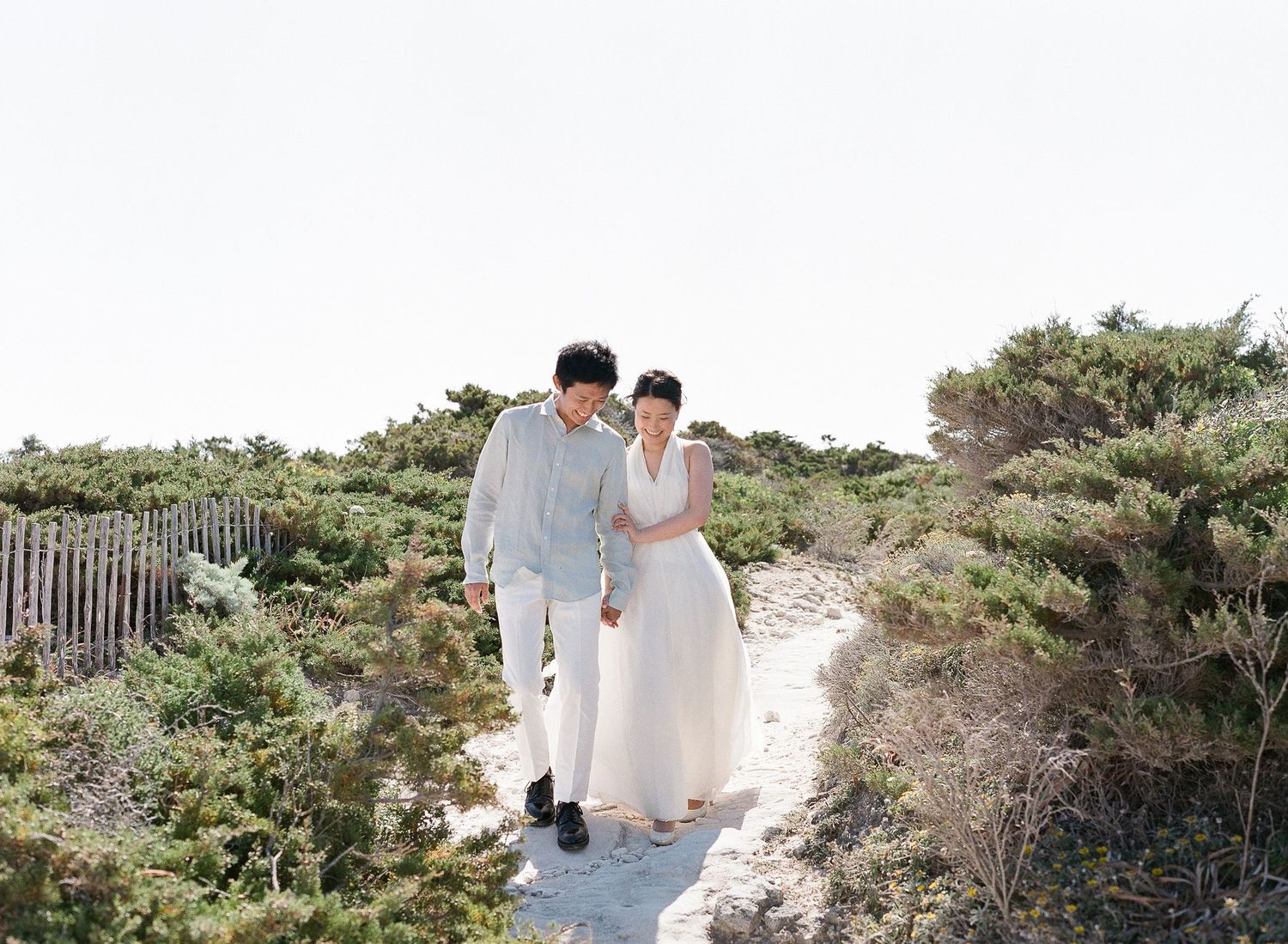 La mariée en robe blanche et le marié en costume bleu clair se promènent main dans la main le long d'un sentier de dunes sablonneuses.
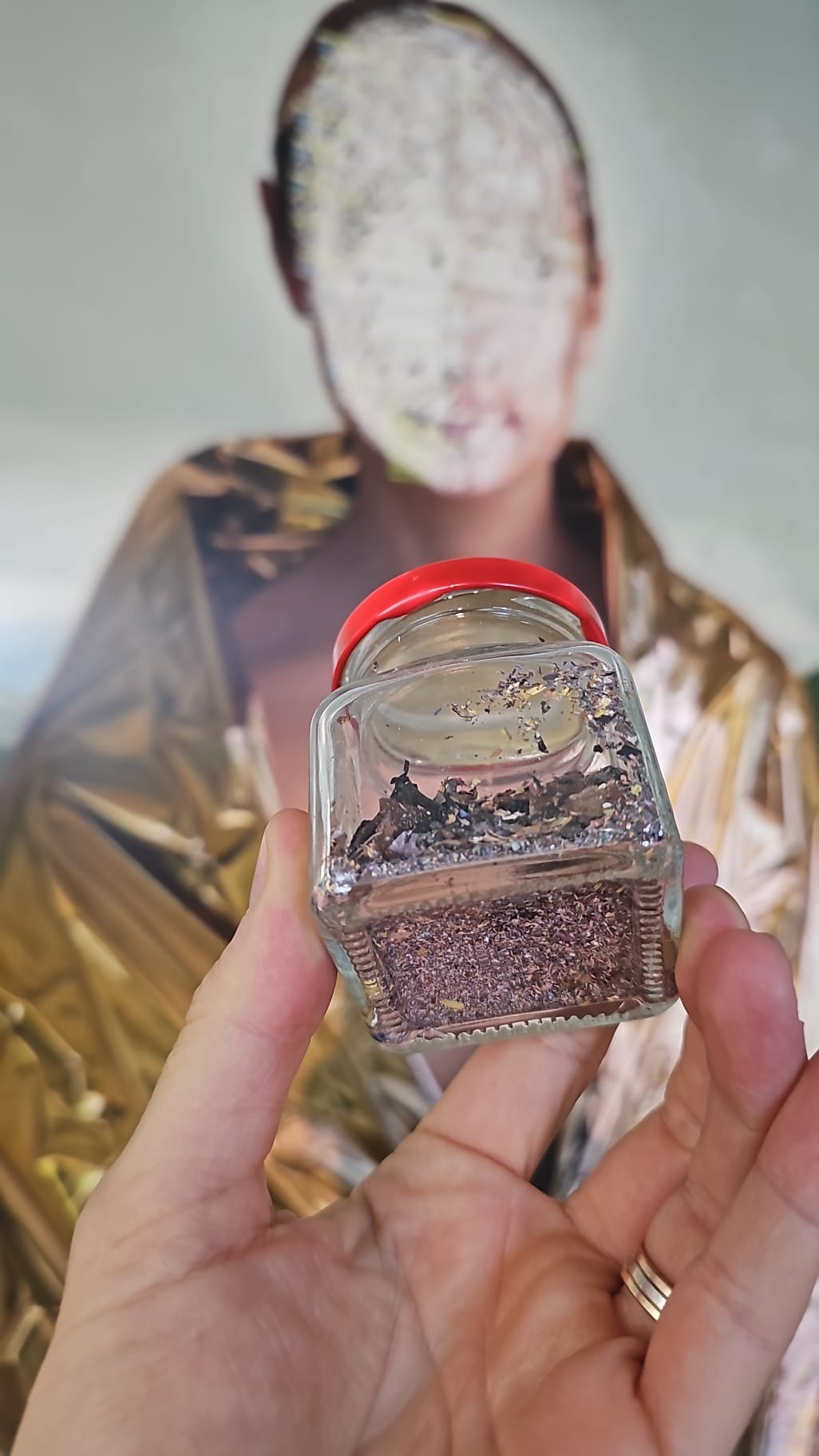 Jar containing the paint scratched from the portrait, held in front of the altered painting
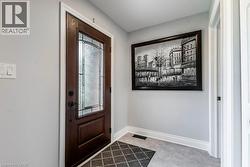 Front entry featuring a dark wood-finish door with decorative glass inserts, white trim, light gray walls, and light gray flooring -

● **WORK REQUEST**
Output each of the lines above exactly, apart from the images.

● **ANSWER AREA**
 La mariée en robe blanche et le marié en costume bleu clair se promènent main dans la main le long d'un sentier de dunes sablonneuses.
 Jar containing the paint scratched from the portrait, held in front of the altered painting
 Front entry featuring a dark wood-finish door with decorative glass inserts, white trim, light gray walls, and light gray flooring -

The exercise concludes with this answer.